Shing y sus hermanos me explicaron con la silente mirada de sus ojos, que las palabras que repetían en los dos idiomas que usaban, uno antiguo, otro su reciente descubrimiento, -elefante-mariposa-conejo-hombre-dignidad-, eran las herramientas con las que iban a construir su futuro. Y que las ideas que formaban los conjuntos de palabras que estaban aprendiendo -gusano-buitre-árbol-caza-futuro- eran los cimientos de su propio camino vital, el de su desalienación, el de la afirmación de su condición humana.

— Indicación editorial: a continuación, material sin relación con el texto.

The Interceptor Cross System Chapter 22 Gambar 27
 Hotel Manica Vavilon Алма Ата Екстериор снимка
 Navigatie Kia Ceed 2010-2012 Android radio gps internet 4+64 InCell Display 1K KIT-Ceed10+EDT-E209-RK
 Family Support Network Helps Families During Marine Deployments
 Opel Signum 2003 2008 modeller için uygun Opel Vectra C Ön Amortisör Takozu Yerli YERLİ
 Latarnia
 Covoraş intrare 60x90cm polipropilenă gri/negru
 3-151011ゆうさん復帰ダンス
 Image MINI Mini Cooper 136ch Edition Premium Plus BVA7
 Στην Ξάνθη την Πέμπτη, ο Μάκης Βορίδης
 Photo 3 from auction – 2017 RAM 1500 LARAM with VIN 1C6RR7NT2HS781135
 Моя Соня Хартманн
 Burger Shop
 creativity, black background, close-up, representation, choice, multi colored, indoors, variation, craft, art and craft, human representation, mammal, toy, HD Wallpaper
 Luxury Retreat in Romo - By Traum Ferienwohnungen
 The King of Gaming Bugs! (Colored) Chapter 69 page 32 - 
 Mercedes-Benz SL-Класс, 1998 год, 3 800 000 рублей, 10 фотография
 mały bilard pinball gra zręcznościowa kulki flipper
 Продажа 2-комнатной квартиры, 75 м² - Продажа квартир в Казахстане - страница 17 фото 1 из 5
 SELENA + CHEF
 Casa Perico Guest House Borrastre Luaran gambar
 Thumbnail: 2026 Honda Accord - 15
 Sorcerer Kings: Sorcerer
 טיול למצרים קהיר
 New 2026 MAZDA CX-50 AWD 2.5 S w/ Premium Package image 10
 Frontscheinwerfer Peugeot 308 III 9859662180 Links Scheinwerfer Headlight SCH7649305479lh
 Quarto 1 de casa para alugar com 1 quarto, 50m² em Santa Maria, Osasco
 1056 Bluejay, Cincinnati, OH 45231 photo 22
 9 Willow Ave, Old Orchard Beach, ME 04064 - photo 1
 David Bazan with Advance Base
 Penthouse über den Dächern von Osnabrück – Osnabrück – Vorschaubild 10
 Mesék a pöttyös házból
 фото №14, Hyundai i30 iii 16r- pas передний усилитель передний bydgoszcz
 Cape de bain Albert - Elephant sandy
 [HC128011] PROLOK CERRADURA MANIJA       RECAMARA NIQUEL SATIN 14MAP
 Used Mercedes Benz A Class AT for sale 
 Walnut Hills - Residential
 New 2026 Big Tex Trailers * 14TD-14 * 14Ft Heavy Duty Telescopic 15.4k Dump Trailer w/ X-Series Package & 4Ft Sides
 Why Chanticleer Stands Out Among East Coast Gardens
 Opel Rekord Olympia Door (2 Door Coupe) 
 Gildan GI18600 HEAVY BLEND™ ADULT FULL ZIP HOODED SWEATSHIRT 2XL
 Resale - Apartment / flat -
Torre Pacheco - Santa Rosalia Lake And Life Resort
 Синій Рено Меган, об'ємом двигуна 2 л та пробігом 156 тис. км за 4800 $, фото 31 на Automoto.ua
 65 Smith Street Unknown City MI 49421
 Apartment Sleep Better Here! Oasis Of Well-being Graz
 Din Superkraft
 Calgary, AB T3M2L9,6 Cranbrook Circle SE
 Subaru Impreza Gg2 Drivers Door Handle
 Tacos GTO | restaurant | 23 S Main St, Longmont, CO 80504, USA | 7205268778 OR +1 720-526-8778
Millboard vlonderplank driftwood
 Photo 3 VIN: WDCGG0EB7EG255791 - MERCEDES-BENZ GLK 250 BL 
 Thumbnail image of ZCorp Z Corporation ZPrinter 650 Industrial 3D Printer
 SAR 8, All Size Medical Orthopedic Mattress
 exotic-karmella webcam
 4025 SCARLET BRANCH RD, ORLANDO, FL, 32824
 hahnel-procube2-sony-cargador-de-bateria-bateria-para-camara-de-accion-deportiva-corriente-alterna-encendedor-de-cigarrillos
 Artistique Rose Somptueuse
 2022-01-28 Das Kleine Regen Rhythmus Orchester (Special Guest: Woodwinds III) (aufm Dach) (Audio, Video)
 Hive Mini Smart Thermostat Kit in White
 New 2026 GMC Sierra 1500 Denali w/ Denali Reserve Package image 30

El inquieto Dorjee y sus hermanos brincando sobre mis cansadas rodillas, me contaron que ellos sabían que otros niños se habían sentado antes en ellas y me pidieron que les dijera a esos niños que no conocían, a Leo, a Tomy, a Julia, a Tiá€, que ellos algún día, en su lucha contra el hambre y el frío, bajarían por el increíble barranco por donde discurren las aguas salvajes del Phu Kola a los ricos valles tropicales del sur, del Ganjes, del Sun Kosi Kola, del Tamur, en donde se producen dos y tres cosechas anuales -hambre-arroz-calor-trabajo-sudor-solidaridad- y que allí les darían alimento y trabajo con contratos de 365 días laborables, sin derecho a estar enfermos, en jornadas de más de 14 horas, que ellos ignoraban si podrían cambiar. Y en aquella noche cósmica me revelaron sin palabras que ellos también se casarían y tendrían otros niños que seguirían utilizando las palabras -cabra-vaca-leche-explotación-dolor-indignidad-, que ellos no conocían que el infierno sartriano eran los otros, que lo era el hambre, el frío y la desesperanza. Y que tampoco sabían si las palabras que empleaban eran la puerta del espejo que permitía acceder al otro mundo surrealista de Cousteau.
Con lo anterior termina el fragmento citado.